Saffron is one of the most expensive spices in the world

What is saffron

Saffron is one of the plants that belong to the iris family. Saffron grows in the Middle East and parts of Europe, and is more common in Iran, India, and Greece.

Types of saffron

There are four main types of saffron, which we mention as follows:

Sargol: It is extracted from the tip of saffron threads, it has a strong smell, its color is red, and it is devoid of yellow and orange threads, and it is of high quality.
Naqin: It has long threads, and it is colored between yellow and orange. It has a pleasant smell.
Super Negin: It is considered the best type of saffron, and it has long red threads, and is free of orange or yellow threads.
Pushal: It is the cheapest type of saffron, and the most available in stores.
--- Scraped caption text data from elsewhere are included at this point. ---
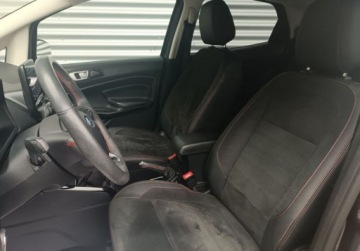 Ford Ecosport II SUV Facelifting 1.0 EcoBoost 125KM 2022 Ford EcoSport 125KM EcoBoost ST-Line P.Zima BLIS SalonPL SerwisASO FV23 Gw, zdjęcie 23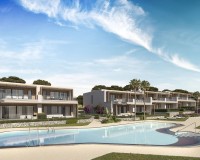 Neue Gebäude - terraced - Mijas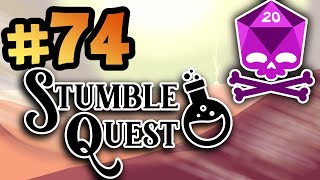 Stumble Quest - [EPISODE 74] - Elephant Crimes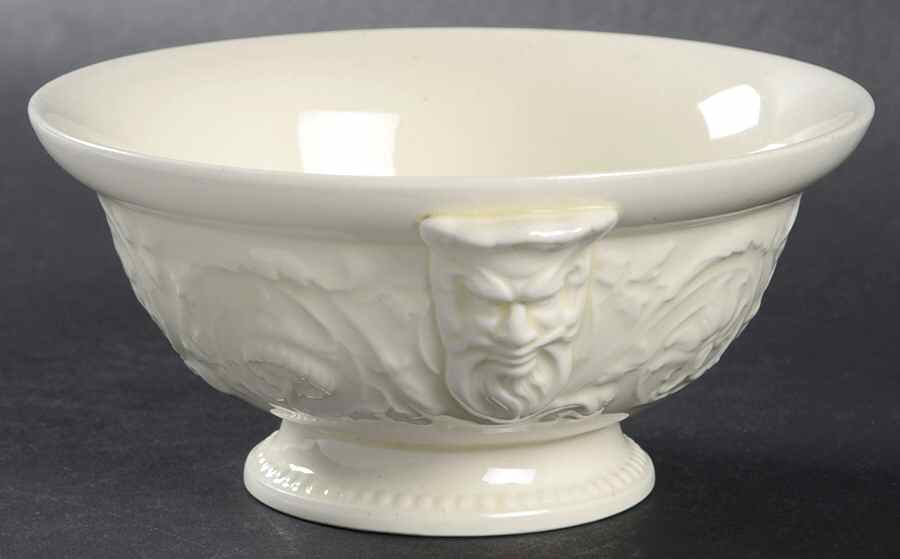 Patrician (Old, 1927-1986) Cranberry Bowl by Wedgwood-1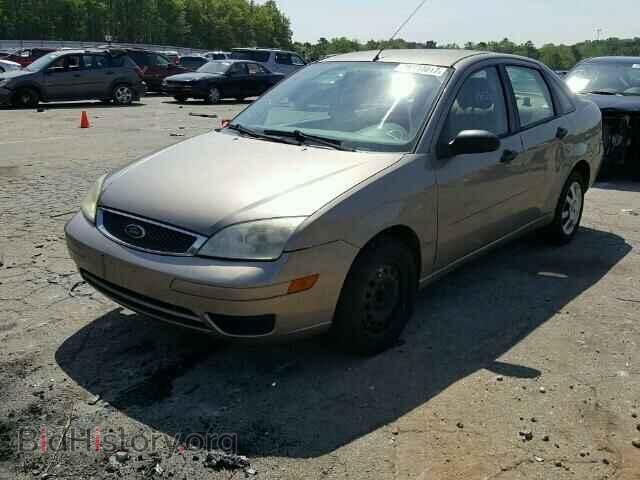 2005 FORD FOCUS - VIN: 1FAFP34N65W281647 - Фото 2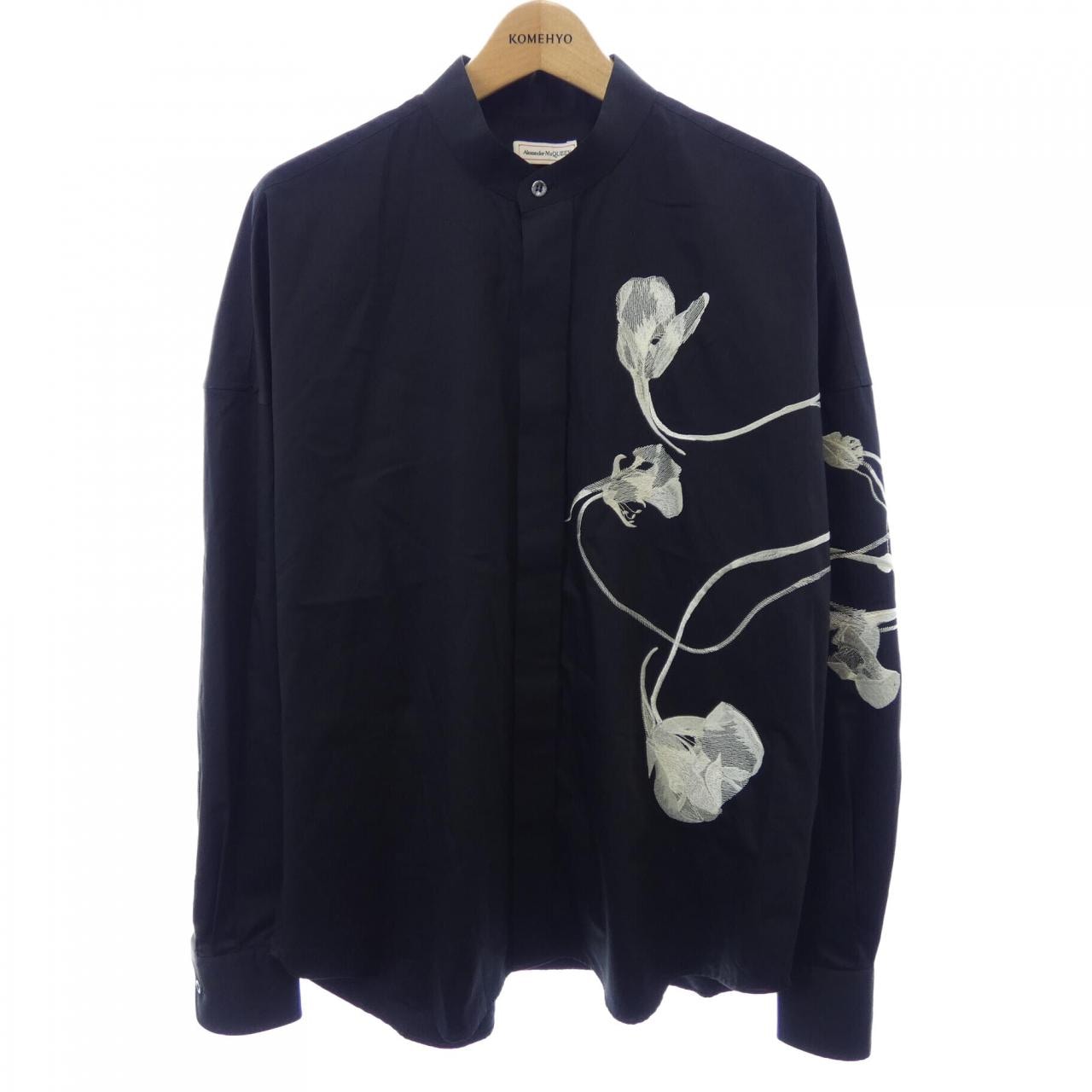 アレキサンダーマックイーン ALEXANDER McQUEEN 795129 QNAAR シャツ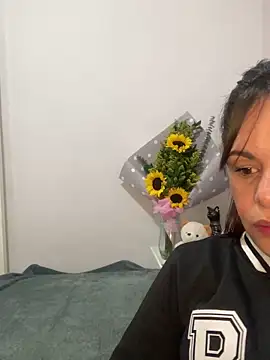 Snapshot of Kataliina chatting on 19, 3, 2025 Kataliina online show from 19, 3, 2025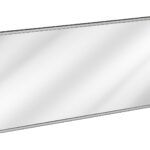 LED fürdőszoba fali tükör modern 68×123 cm – ALICE MIRROR 120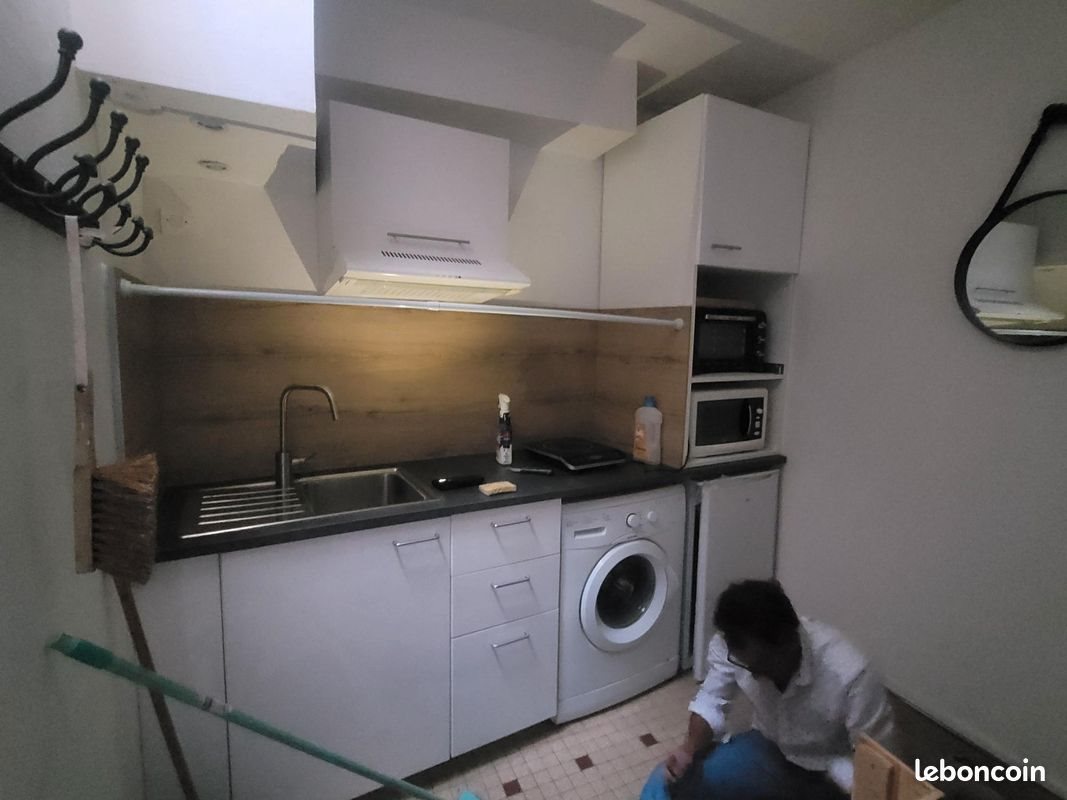 Appartement à vendre, 22m², Nantes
The nutritional value of saffron

Saffron contains many vitamins, minerals, and antioxidants. Below is an explanation of the nutritional value of saffron in a teaspoon, equivalent to 0.7 grams:

Calories: 2.17 calories.
Protein: 0.08 grams.
Fat: 0.041 grams.
Carbohydrates: 0.458 grams.
Dietary fiber: 0.027 grams.
Calcium: 0.777 mg.
Iron: 0.078 mg.
Magnesium: 1.85 mg.
Phosphorus: 1.76 mg.
Potassium: 12.1 mg.
Sodium: 1.04 mg.
Zinc: 0.008 mg.
Copper: 0.002 mg.
Manganese: 0.199 mg.
Selenium: 0.039 mcg
Vitamin C: 0.566 mg.
Thiamine: 0.001 mg.
Riboflavin: 0.002 mg.
Niacin: 0.01 mg
Vitamin B6: 0.007 mg.
Folic acid: 0.651 micrograms.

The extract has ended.